• Exercise brief:
Skip all pictures. Set down only the lines starting at the line containing "Diretta Inter-Juve ore" and running to the end of the listing.

• Records:
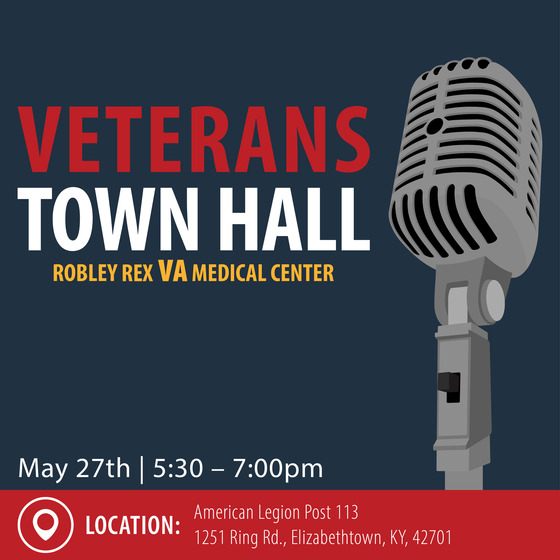 May Town Hall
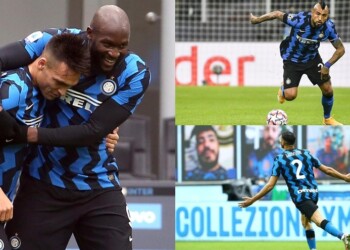 Diretta Inter-Juve ore 20.45: probabili formazioni, dove vederla in tv e in streaming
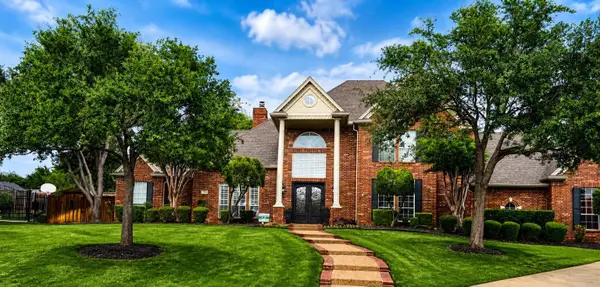 305 Bandera Court, Southlake, TX 76092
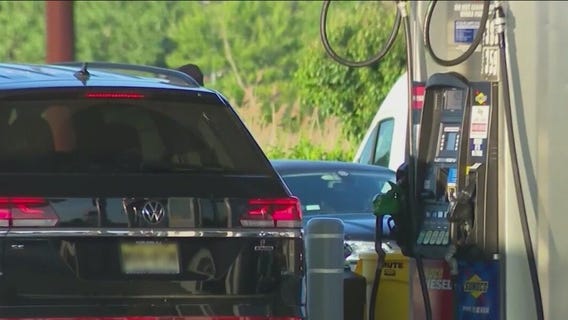 Chicagoans rush out of town this Labor Day weekend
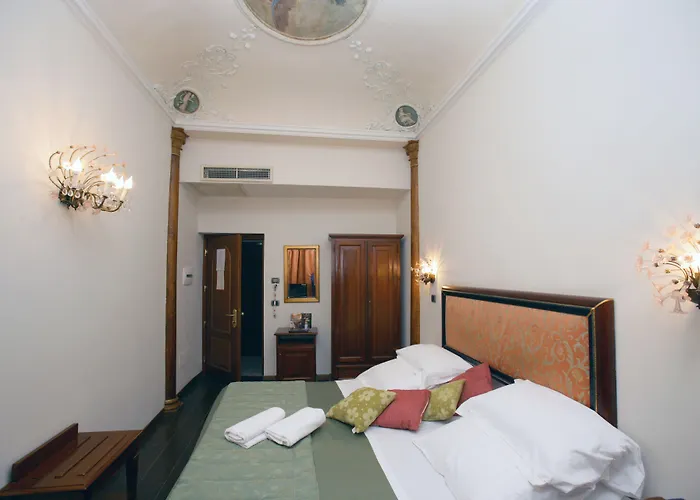 Domus Florentiae Hotel 4*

• Task answer:
 Diretta Inter-Juve ore 20.45: probabili formazioni, dove vederla in tv e in streaming
 305 Bandera Court, Southlake, TX 76092
 Chicagoans rush out of town this Labor Day weekend
 Domus Florentiae Hotel 4*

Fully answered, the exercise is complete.